## Task:
From the material below, reproduce exactly the stretch of lines that begins with the line holding "2025/26 Everton Black" and ends with the line holding "Tem Việt Nam 1998: Tết Mậu Dần", skipping the pictures.

## Records for this task:
▬▬▬
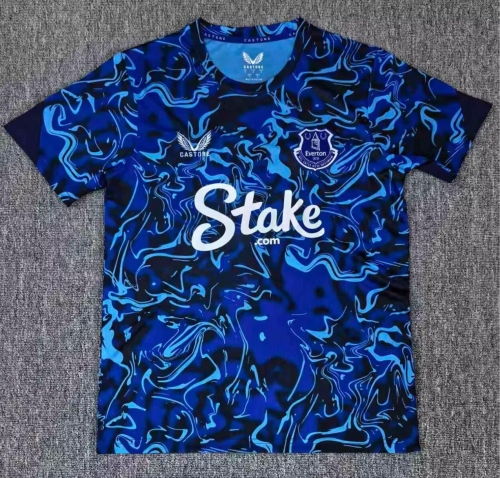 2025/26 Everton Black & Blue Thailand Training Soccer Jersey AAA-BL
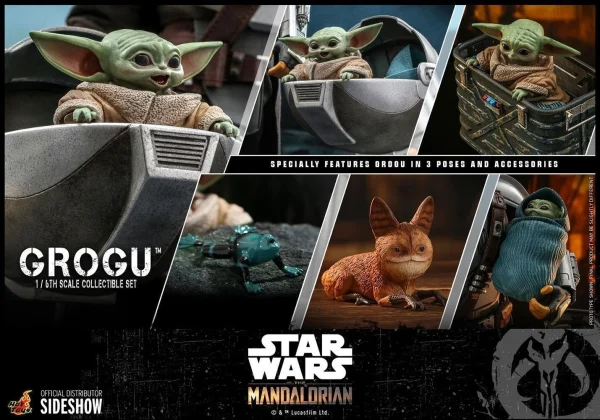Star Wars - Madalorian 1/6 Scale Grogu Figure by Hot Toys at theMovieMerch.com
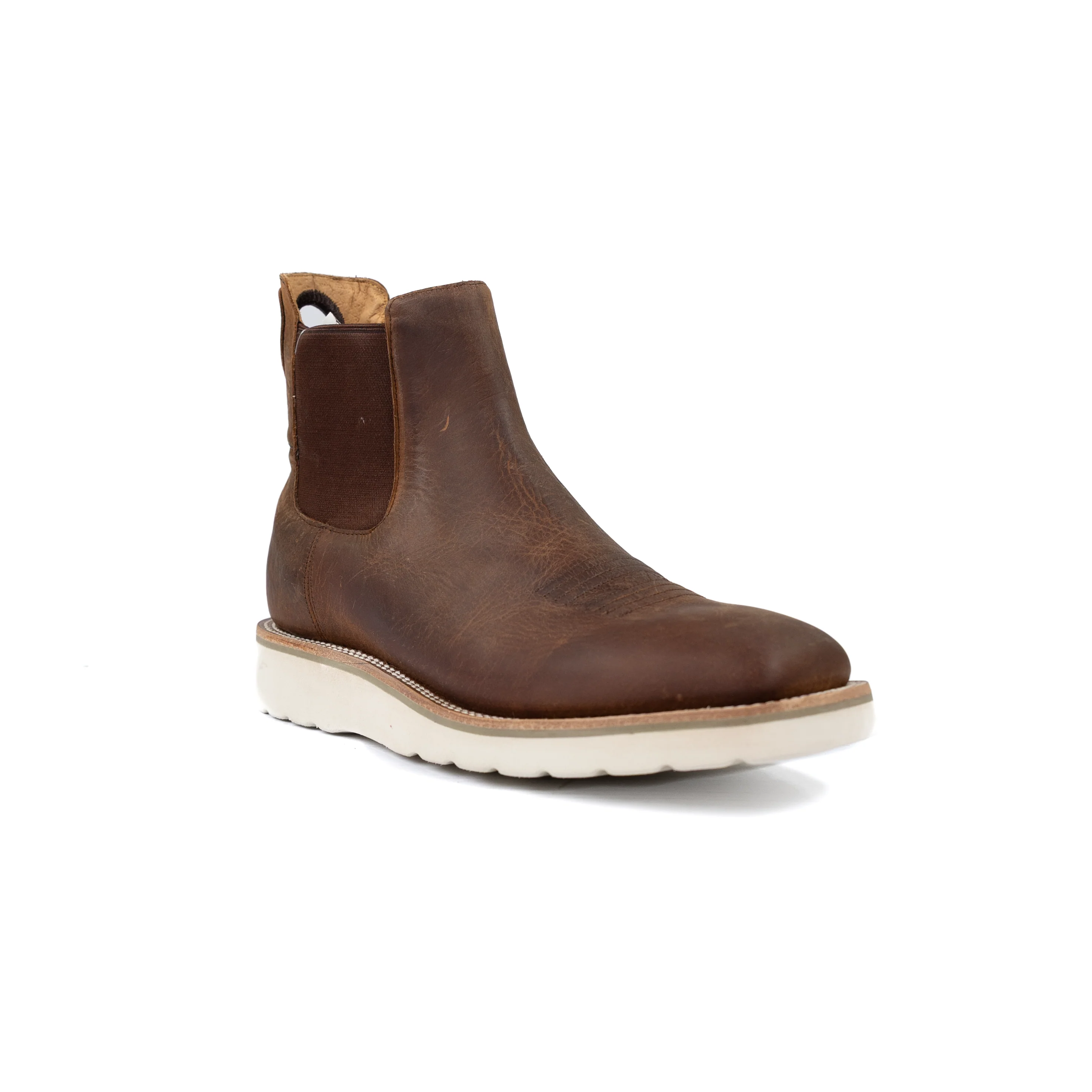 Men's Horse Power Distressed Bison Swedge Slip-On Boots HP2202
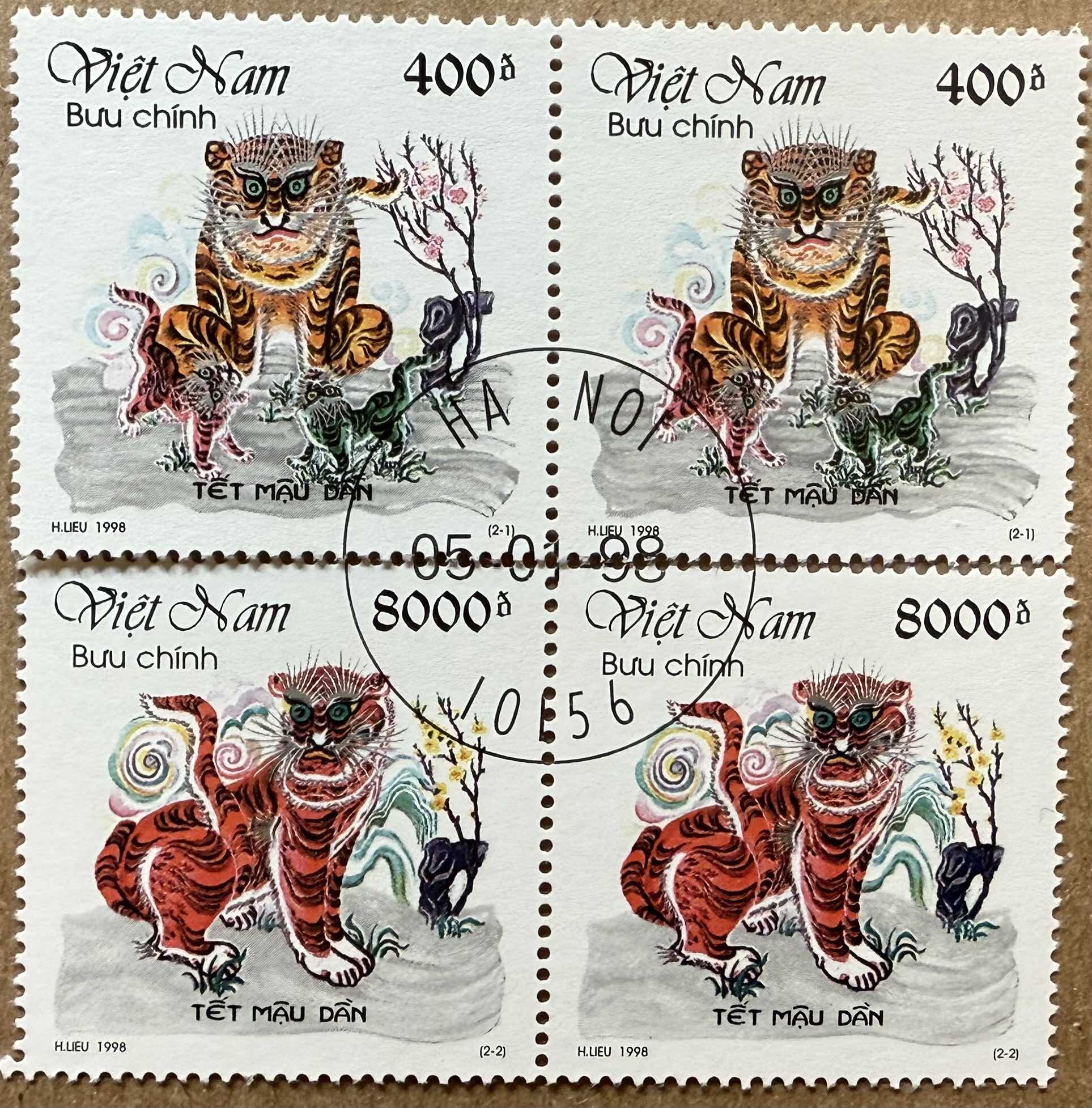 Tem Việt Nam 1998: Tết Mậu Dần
▬▬▬
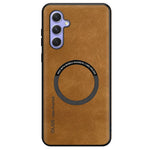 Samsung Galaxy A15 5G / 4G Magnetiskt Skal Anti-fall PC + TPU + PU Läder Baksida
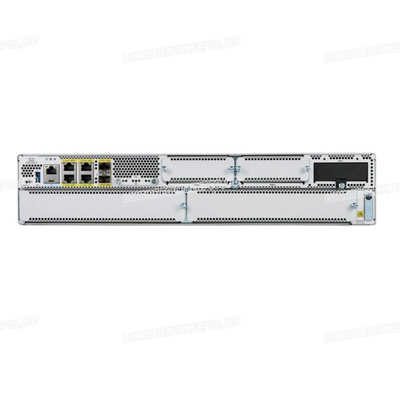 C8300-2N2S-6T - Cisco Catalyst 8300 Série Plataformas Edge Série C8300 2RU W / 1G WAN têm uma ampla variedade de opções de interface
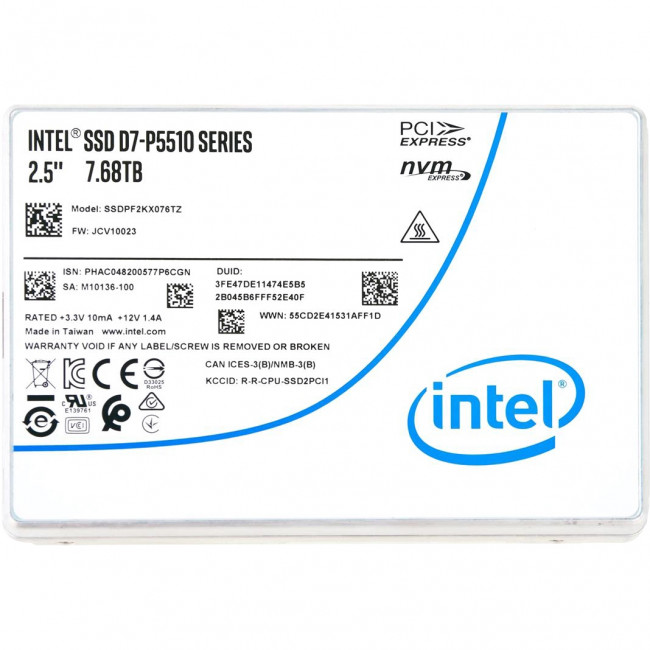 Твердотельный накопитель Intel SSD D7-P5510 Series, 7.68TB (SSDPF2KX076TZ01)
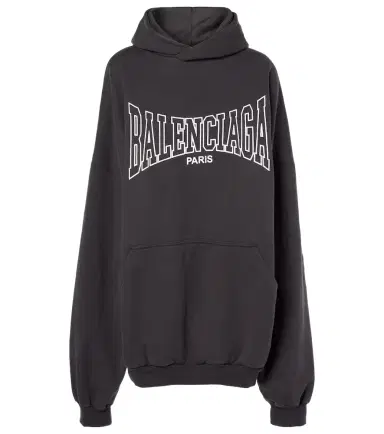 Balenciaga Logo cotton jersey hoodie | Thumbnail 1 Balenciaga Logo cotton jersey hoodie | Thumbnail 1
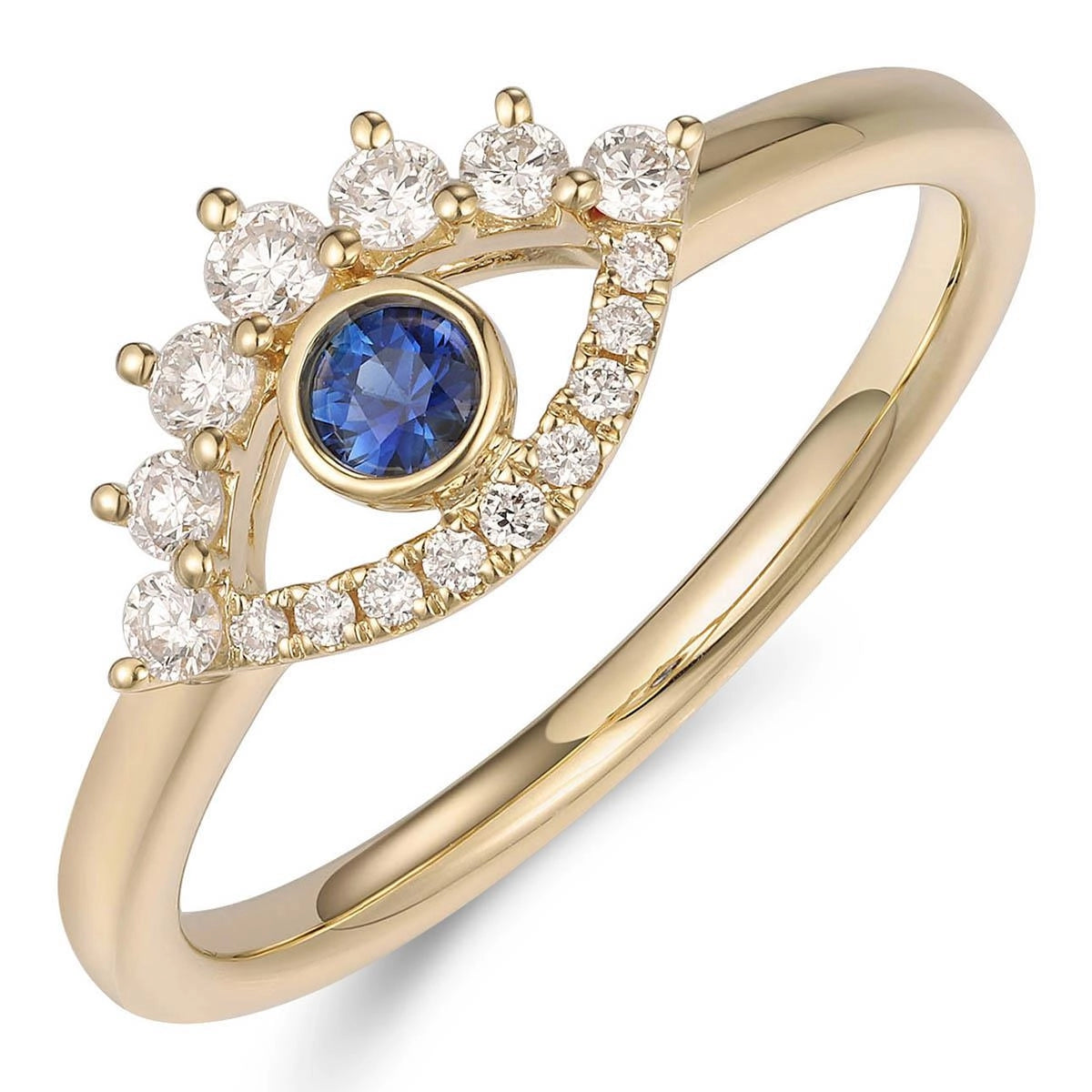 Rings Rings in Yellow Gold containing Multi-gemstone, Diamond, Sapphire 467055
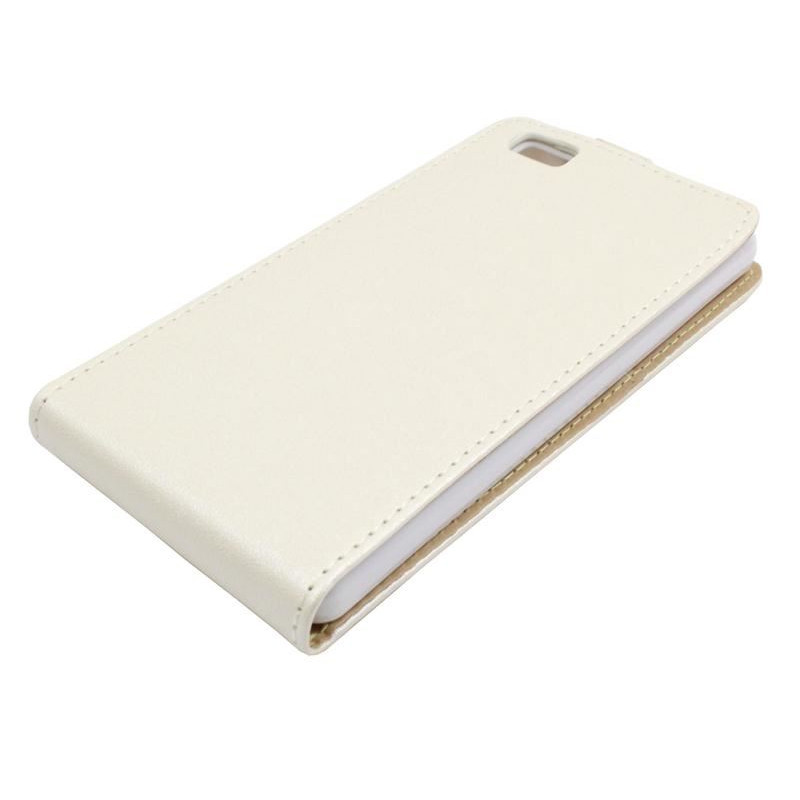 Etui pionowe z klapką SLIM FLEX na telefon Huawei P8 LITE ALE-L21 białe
▬▬▬
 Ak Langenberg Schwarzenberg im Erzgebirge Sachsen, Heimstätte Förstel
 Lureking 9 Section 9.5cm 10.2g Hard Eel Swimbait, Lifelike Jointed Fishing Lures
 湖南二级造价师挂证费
▬▬▬
## Task response:
 2025/26 Everton Black & Blue Thailand Training Soccer Jersey AAA-BL
Star Wars - Madalorian 1/6 Scale Grogu Figure by Hot Toys at theMovieMerch.com
 Men's Horse Power Distressed Bison Swedge Slip-On Boots HP2202
 Tem Việt Nam 1998: Tết Mậu Dần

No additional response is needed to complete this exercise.